─── Material provided
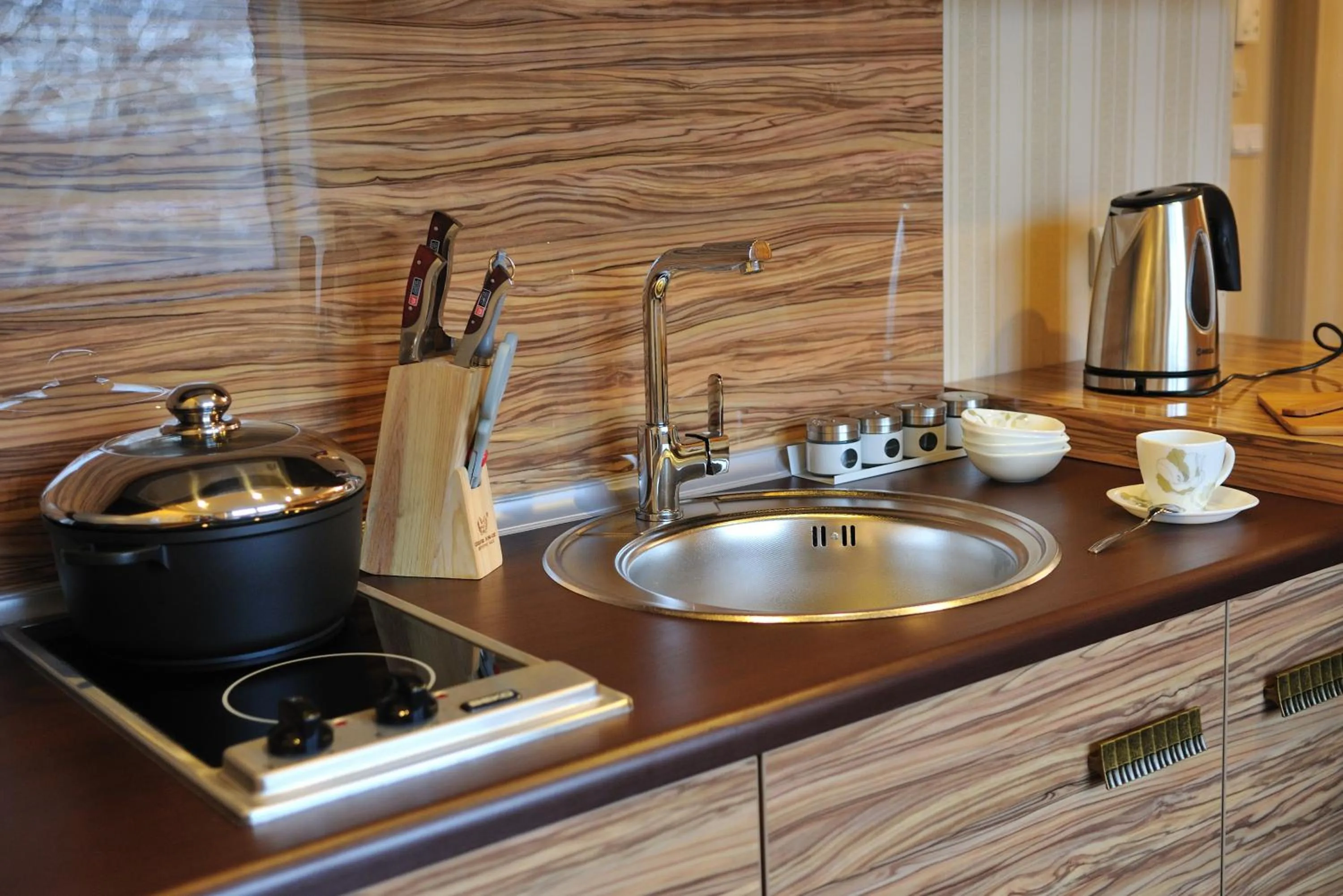 Kitchen or kitchenette in Darhan Boutique Hotel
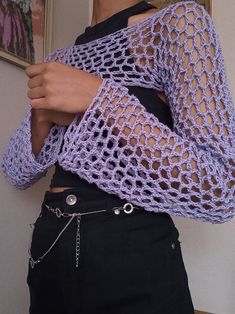 a woman wearing a purple crochet sweater and black pants with her hands on her hips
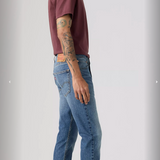 Person wearing a maroon t-shirt and blue jeans standing against a plain background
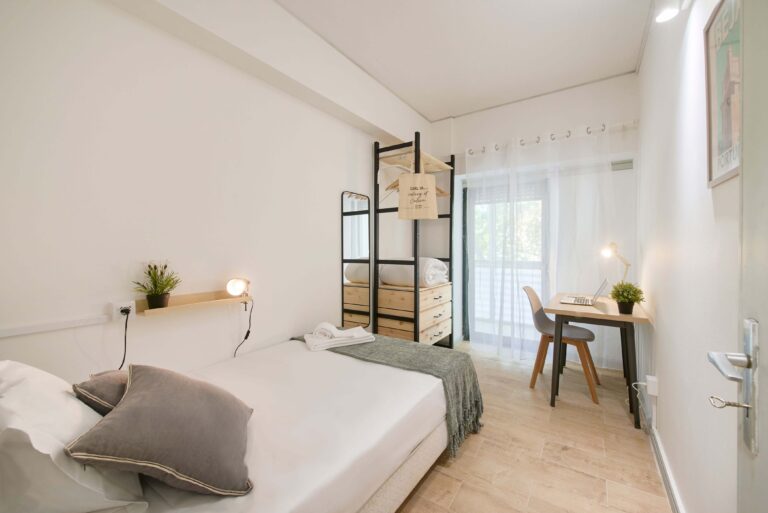 Minimalist bedroom with single bed, desk, shelves, lamp, plant, mirror, and sheer curtains.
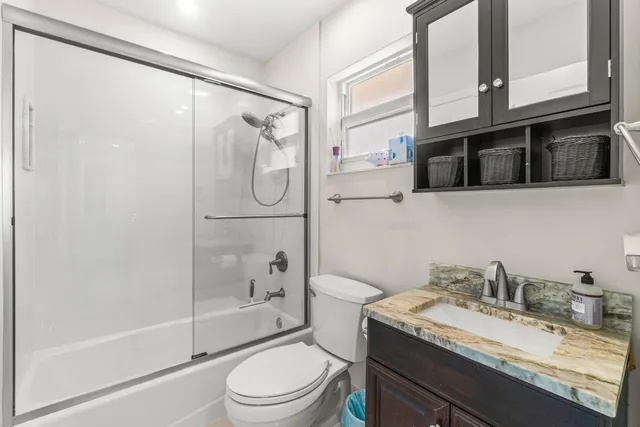 a bathroom with a granite countertop sink toilet and shower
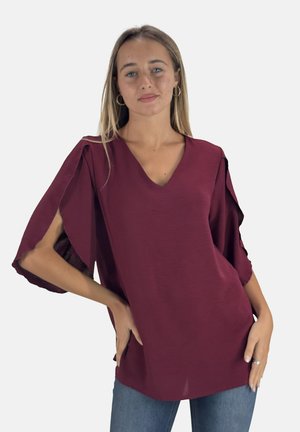 Bordeaux lichtgewicht top met een V-hals en brede mouwen met uitsparingen. Soepele textuur en een iets relaxte pasvorm. Gecombineerd met blauwe jeans.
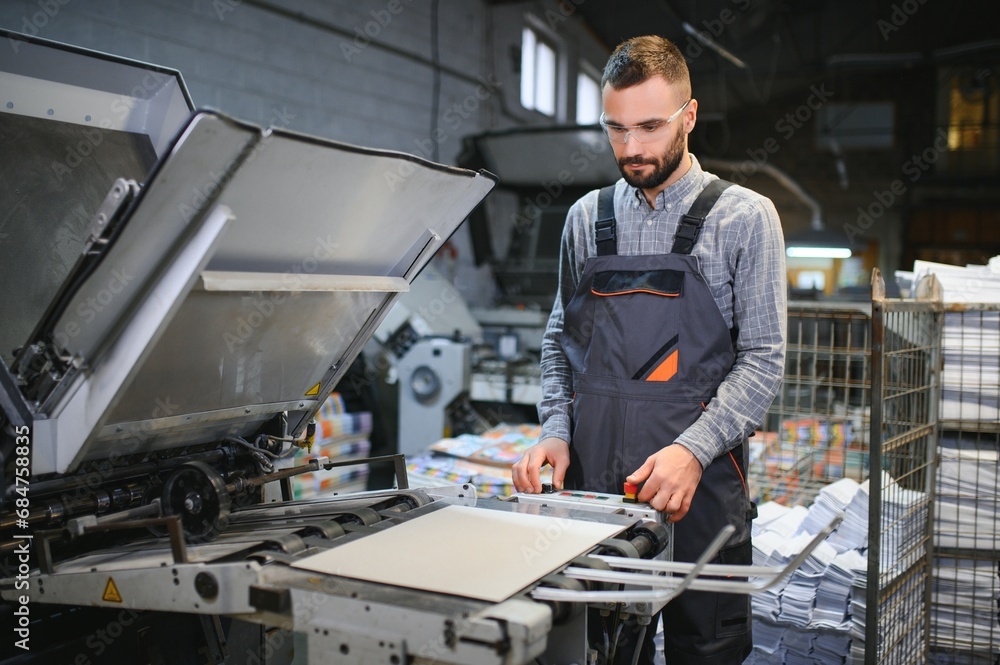 Graphic engineer or worker checking imprint quality in modern print shop Graphic engineer or worker checking imprint quality in modern print shop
──────
### Required action
Would you repeat the entries exactly, keeping the images out?

### Answer
 Kitchen or kitchenette in Darhan Boutique Hotel
 a woman wearing a purple crochet sweater and black pants with her hands on her hips
 Person wearing a maroon t-shirt and blue jeans standing against a plain background
 Minimalist bedroom with single bed, desk, shelves, lamp, plant, mirror, and sheer curtains.
 a bathroom with a granite countertop sink toilet and shower
 Bordeaux lichtgewicht top met een V-hals en brede mouwen met uitsparingen. Soepele textuur en een iets relaxte pasvorm. Gecombineerd met blauwe jeans.
 Graphic engineer or worker checking imprint quality in modern print shop Graphic engineer or worker checking imprint quality in modern print shop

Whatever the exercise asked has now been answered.